书是有阶层的,如同人有阶层一样。好书和坏书不是从内容上来分的,以往我们认为追求感官刺激的书,是最坏最污浊的书了。但其实不然,这类感官刺激的书算不得洪水猛兽,充其量处于书的阶层的下层。但最坏的一类书,却看似处在书的阶层最上层,实际是魔鬼之书,是灵魂堕落之书。它们和最好的书看上去差不多,甚至表现上来看,最坏的书可能会让人如痴如醉,深信不疑。
希特勒的书《我的奋斗》,是好书吗?你现在评价它是恶魔之书,是因为你知道希特勒之后干了啥。但是如果你处在那个年代的德国,你的切身体会和经历都会告诉你,这本书是圣贤之书,写这本书的人是难得的大贤者。所谓的独立思考能力,究竟有几个人有?实际上,我写过一篇关于著名心理学家阿希做的认知实验文章,结论是只有1/20的人有独立思考的能力。人总是过于自负,认为自己不受他人影响,实际上暴露了自己的无知和愚蠢。
再来看另一本最近被吹上天的书《XX经》,写这本书的是恶魔(laijunchen),传递的也是恶魔的想法。恶魔的蛊惑甘甜让人沉醉。我不会去碰《XX经》,因为它传递的价值观和我格格不入。我视这种书为仇寇,恨不能斩尽杀绝,除魔卫道。我深知扭曲价值观的书的威力有多大,它导致的后果是反社会人格,是罪恶之源。

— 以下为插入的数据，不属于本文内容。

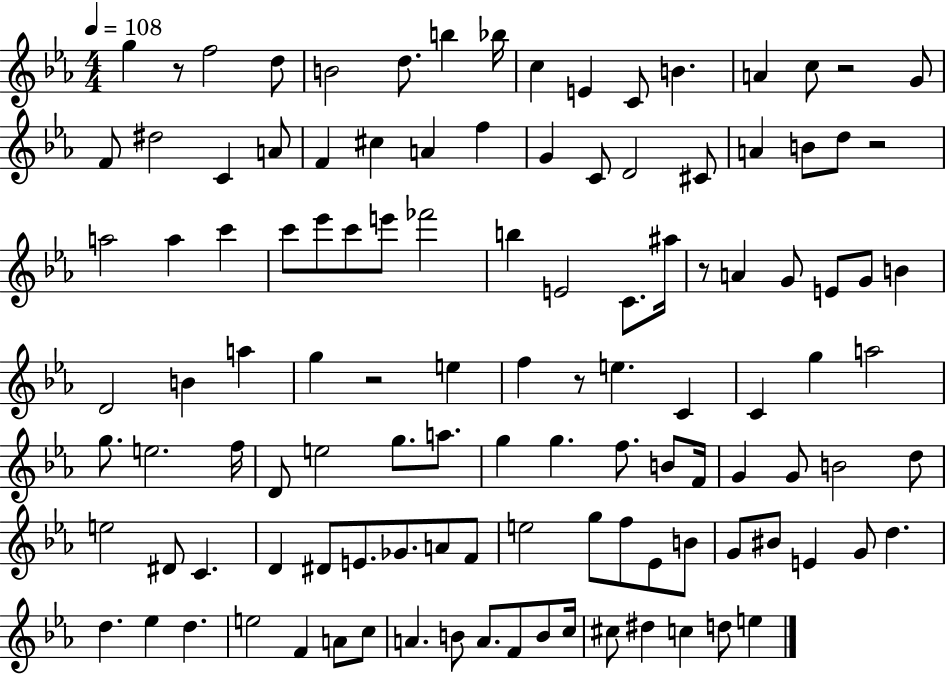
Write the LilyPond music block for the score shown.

{
  \clef treble
  \numericTimeSignature
  \time 4/4
  \key ees \major
  \tempo 4 = 108
  g''4 r8 f''2 d''8 | b'2 d''8. b''4 bes''16 | c''4 e'4 c'8 b'4. | a'4 c''8 r2 g'8 | \break f'8 dis''2 c'4 a'8 | f'4 cis''4 a'4 f''4 | g'4 c'8 d'2 cis'8 | a'4 b'8 d''8 r2 | \break a''2 a''4 c'''4 | c'''8 ees'''8 c'''8 e'''8 fes'''2 | b''4 e'2 c'8. ais''16 | r8 a'4 g'8 e'8 g'8 b'4 | \break d'2 b'4 a''4 | g''4 r2 e''4 | f''4 r8 e''4. c'4 | c'4 g''4 a''2 | \break g''8. e''2. f''16 | d'8 e''2 g''8. a''8. | g''4 g''4. f''8. b'8 f'16 | g'4 g'8 b'2 d''8 | \break e''2 dis'8 c'4. | d'4 dis'8 e'8. ges'8. a'8 f'8 | e''2 g''8 f''8 ees'8 b'8 | g'8 bis'8 e'4 g'8 d''4. | \break d''4. ees''4 d''4. | e''2 f'4 a'8 c''8 | a'4. b'8 a'8. f'8 b'8 c''16 | cis''8 dis''4 c''4 d''8 e''4 | \break \bar "|."
}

《孙子兵法》看上去是教人如何杀人灭国,却是王者仁者之书。战争只是手段,不是目的。《孙子兵法》通篇六千多字,从没有教人如何使用阴谋诡计,而是教人如何分析形势,做出最好的最符合国家利益的应对策略。《孙子兵法》说,如果要发动战争,那么就要从五个方面来衡量,分别是趋势,天时,地利,统帅和法度(即:道天地将法)。这是一套完整的事务处理的逻辑思维框架。战争只是这套逻辑思维框架的一个应用层。其它如创业,处事,读书,为人,沟通,谈判,投资等等,几乎万事万物,都可以用这套逻辑思维框架来匹配。这才是《孙子兵法》的核心所在,《孙子》开篇第一篇,《计篇》说的就是这套框架的核心思想。所谓的“计”,不是阴谋诡计,不是算计,而是计量,权衡。
道者,令民与上同意也。故可与之生,可以与之死,而不畏危。
在战争中的道,就是要上下同欲,内聚力可以让君民同生共死。只有在这种情况下,才有发动战争的可能。如果达不到,那就退让,求和也是好办法。

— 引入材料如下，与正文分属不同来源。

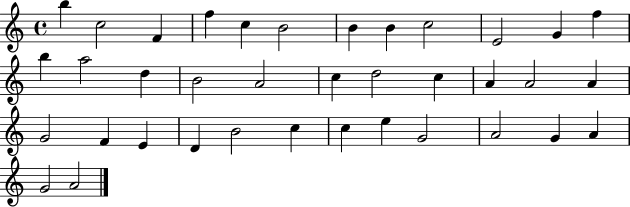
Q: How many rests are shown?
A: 0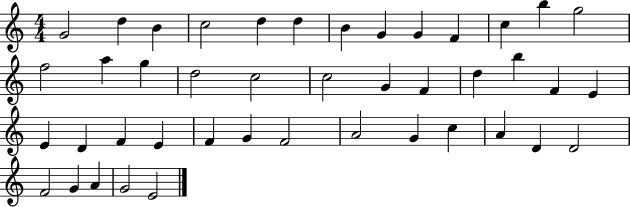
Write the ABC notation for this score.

隐忍是为了打造内聚力,厉兵秣马,卧薪尝胆,未来未必不可一战。刘伯温让朱元璋“高筑墙,广积粮,缓称王”,就是看透了形势,不让自己陷入被动战争的境地。
退让,姿态放低是为了稳定形势,形势不稳,则陷入危局。
红军长征,说是战略大转移,实际上就是为了保存实力实行的退让之策。毛主席的伟大就在于他能精准判断大局形势,做出最佳的应对之策。
事实证明,卧薪尝胆,三千越甲吞了强大的吴国。星星之火,燎原之势形成时,连世界最强的美国都不敢与之争锋。
但这种反败为胜的案例,实际上需要超卓的领袖能力才能做到。令民与上同意,同生共死,是极其艰难的。思想层次的高度统一,是扭转形势的关键。思想上的分崩离析,那就会一退再退,一败再败,最终灭亡。
所以,要形成“道”,是需要让属下或子民心底里认同,追随创业者或者领袖。这需要思想上的洗礼,而不是纯粹利益关系的捆绑。
任正非的华为,其狼性和悍不畏死的精神,是一点点塑造出来的。当华为的营销人,在东北的大雪之夜,在客户门前整整站了一夜,早上成了一个雪人时,我看得热泪盈眶。我当年听到一个华为的朋友为华为的所谓“血汗工厂”辩解。他说:“我知道有人累死在了岗位上。但是我不管,我死也要死在华为。” 我心中的震撼是无与伦比的。这样的华为怎能不成功。只因为任正非的华为掌握了这至高无上的道。
天者,阴阳、寒暑、时制也。
天时是创业做事投资的首要条件。即便整体趋势已经看清楚,但时机不对,依然有很大的可能称为先烈,而非先驱。所谓的趋势,背后一定有驱动力。如果是战争,那么驱动力就是内在的凝聚力。如果是创业,那么驱动力就是技术或者创新。但是技术也好,创新也好,战争的时机也好,都需要积累力量,在最关键的时机出击。而不是看到趋势,就妄想战无不胜,所向披靡。
旧势力,旧技术框架的力量有强盛期,有衰弱期。在衰弱,乱象纷呈,旧势力内忧外患的时机出击,才是占了天时。张磊先生说,每次金融危机之后,他看到的都是大量的机会。同样,巴菲特也酷爱在金融危机的阶段大举买入。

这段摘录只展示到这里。